「福音にあずかる私たち」
「福音のためなら、わたしはどんなことでもします。」パウロのこの言葉はとても勇ましく聞こえます。「たとえ火の中水の中」といった、情熱的で決死の献身、もう脇目をふらない一途さを連想させる言葉でもあります。
しかし、この言葉の「熱さ」に目を引かれるばかりに、この言葉が含意している「他者性」のことを見落としてはなりません。パウロは「どんなことでもしようとする自分の情熱」に関心があるわけではないからです。
彼は、目の前に出会った人が、キリストにとらえられるために、その人がどんな立場の人であっても、そのままを受け止め、その人の全人格に向き合うこと、そのためには「その人のようになる」ことの大切さを語っているからです。
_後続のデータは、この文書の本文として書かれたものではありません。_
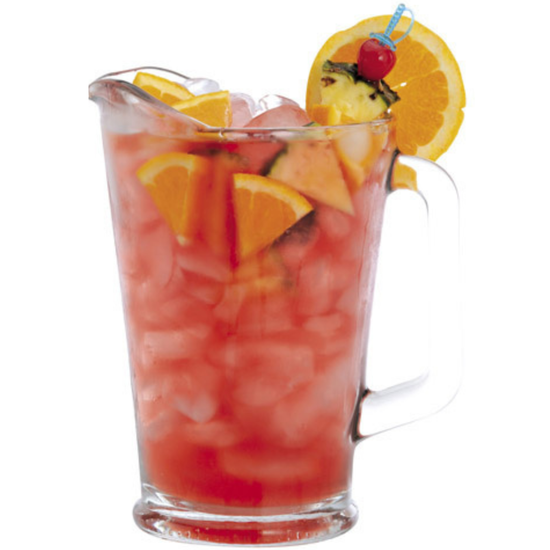 Glass pitcher of light red iced tea with slices and chunks of oranges and pineapple all on a white background.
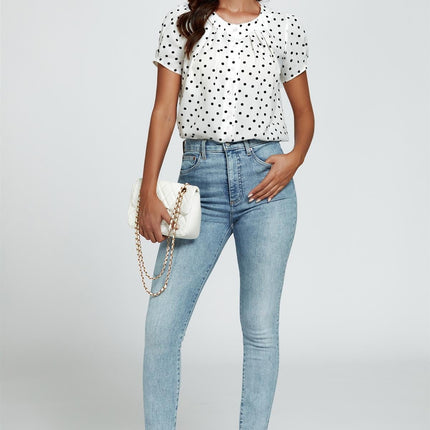 Dot Print Short Sleeves Top In White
「どんなことでもします」とは、「今、目の前のことに大切に向かい合います」ということなのです。「どんなことでもします」とは、「キリストに向けて、いま、これを、この人を、この時を尊びます」ということなのです。「どんなことでもします」は、全て「福音に共にあずかる」ことにかかっています。
だから、わたしたちは「どんなことでもできる」人間になることに憧れる必要はありません。ただ、「いま、ここで、あなたと福音をわかちあえる、そんな私になれますように」と祈れば良いのです。